» **What you should do**
All of the entries need to be printed again exactly; pictures are the only thing to omit.

» **Given data**

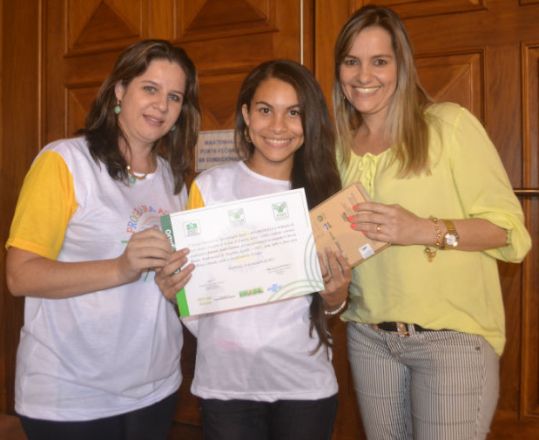 Estudante de Linhares é 2º lugar em concurso estadual de redação
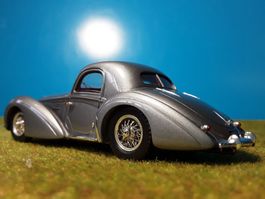 Minichamps Museums Collection __ Delahaye 145 V12 Coupe 1:43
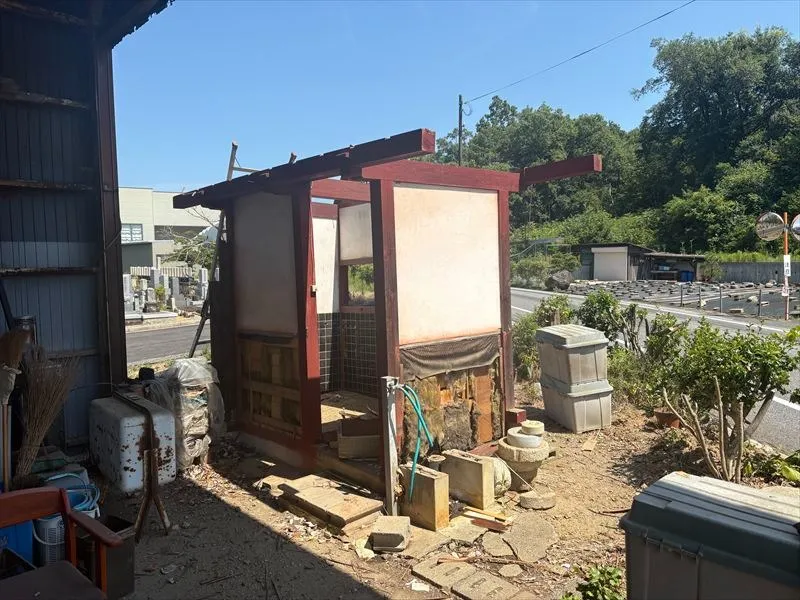 屋外便所解体前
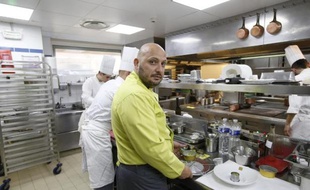 Christian Sinicropi, chef du restaurant "La palme d'or" le 6 mai 2015 dans les cuisines de son restaurant à Cannes
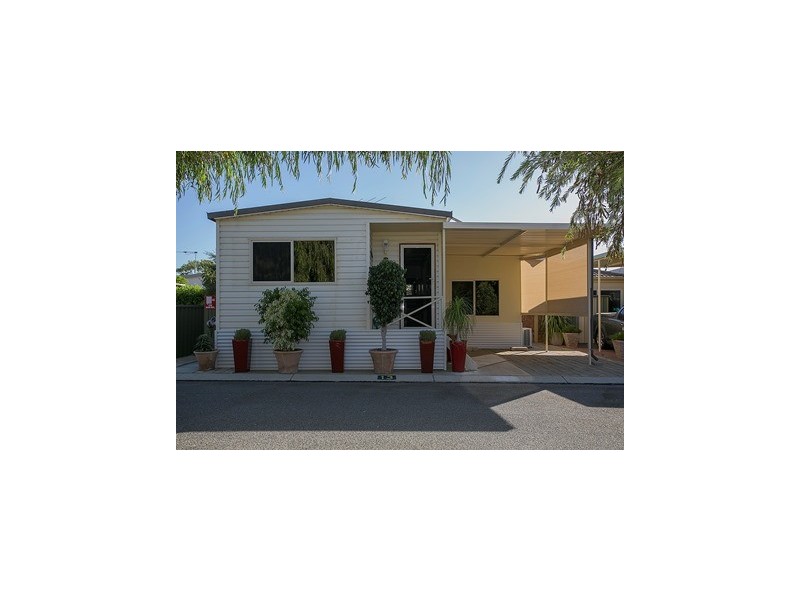 13/30 Mangano Place, Wanneroo WA 6065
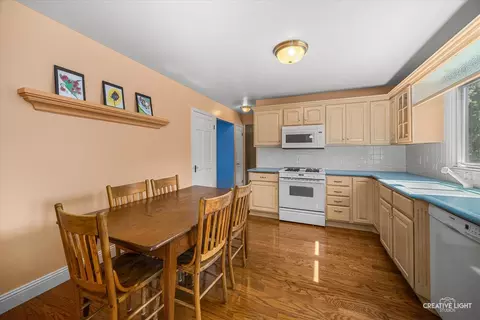 Kitchen - 534 Ryan Ct, West Dundee, IL 60118 photo 1 of 3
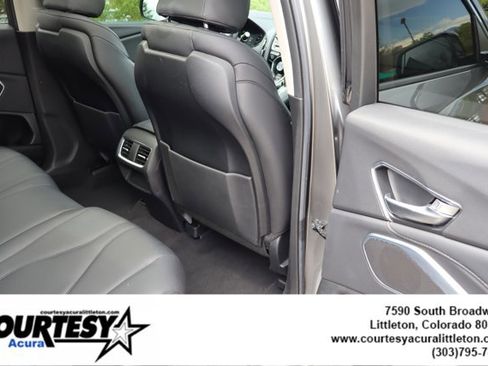 Used 2024 Acura RDX SH-AWD image 32
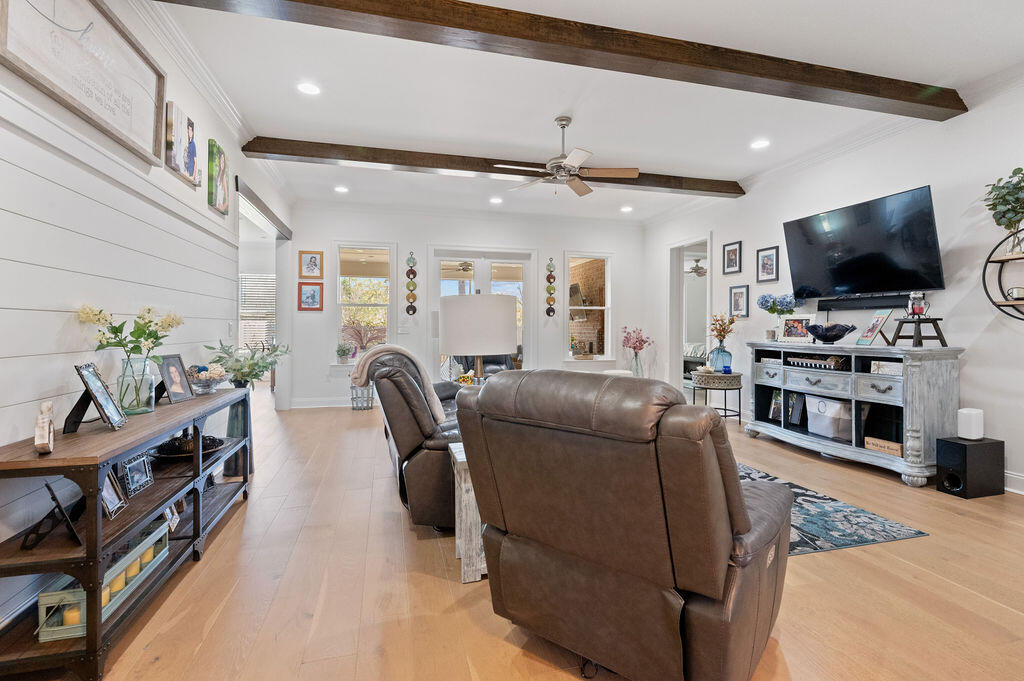 MAGNOLIA WOODS - Residential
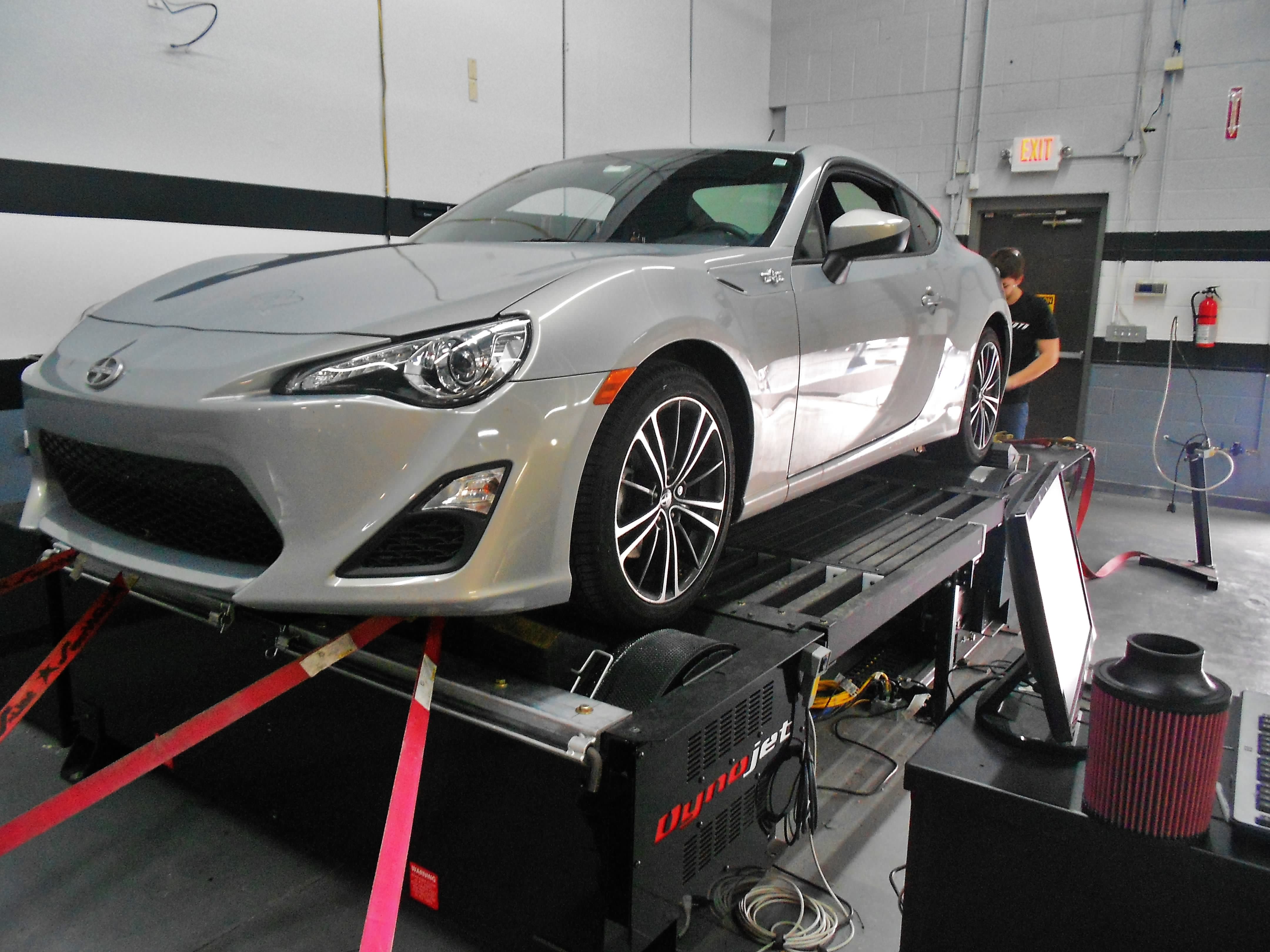 Mishimoto 2013+ Subaru BRZ / Scion FR-S Direct-Fit Baffled Oil Catch Can System, Part 1: Product Introduction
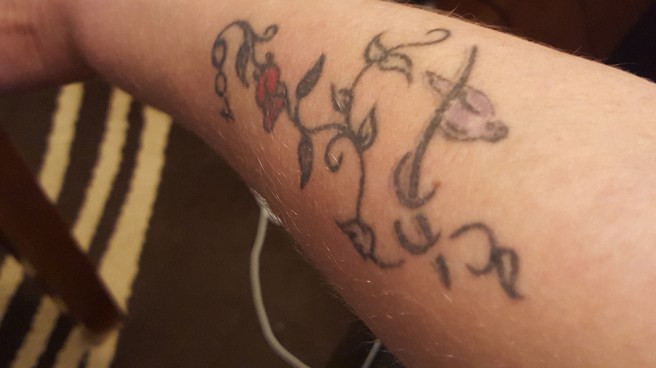 Den här bilden var inte så lätt att ta. Tatueringen finns på högra underarmen.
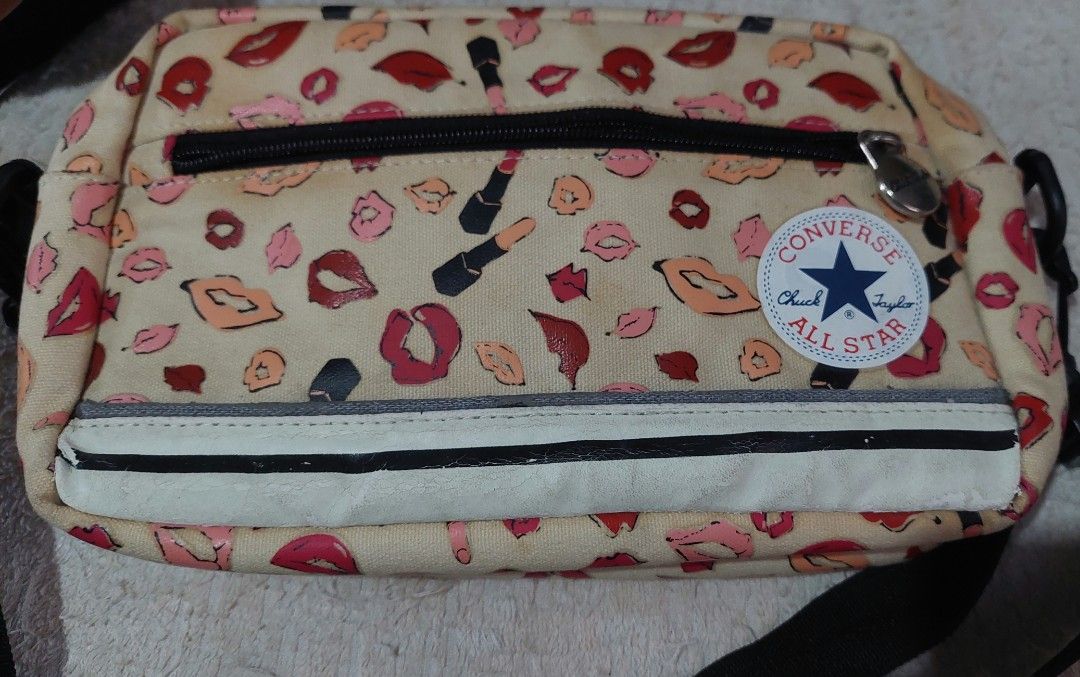 Converse cross body/sling bag (Category: Cross-body Bags) located in Daet. Submitted by stonervoid (Listing ID 1459714798, Image 2). Description: Converse cross body bag/sling bag 10.5x6 inches 600 free shipping ang issue ay nasa picture na.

» **Written solution**
 Estudante de Linhares é 2º lugar em concurso estadual de redação
 Minichamps Museums Collection __ Delahaye 145 V12 Coupe 1:43
 屋外便所解体前
 Christian Sinicropi, chef du restaurant "La palme d'or" le 6 mai 2015 dans les cuisines de son restaurant à Cannes
 13/30 Mangano Place, Wanneroo WA 6065
 Kitchen - 534 Ryan Ct, West Dundee, IL 60118 photo 1 of 3
 Used 2024 Acura RDX SH-AWD image 32
 MAGNOLIA WOODS - Residential
 Mishimoto 2013+ Subaru BRZ / Scion FR-S Direct-Fit Baffled Oil Catch Can System, Part 1: Product Introduction
 Den här bilden var inte så lätt att ta. Tatueringen finns på högra underarmen.
 Converse cross body/sling bag (Category: Cross-body Bags) located in Daet. Submitted by stonervoid (Listing ID 1459714798, Image 2). Description: Converse cross body bag/sling bag 10.5x6 inches 600 free shipping ang issue ay nasa picture na.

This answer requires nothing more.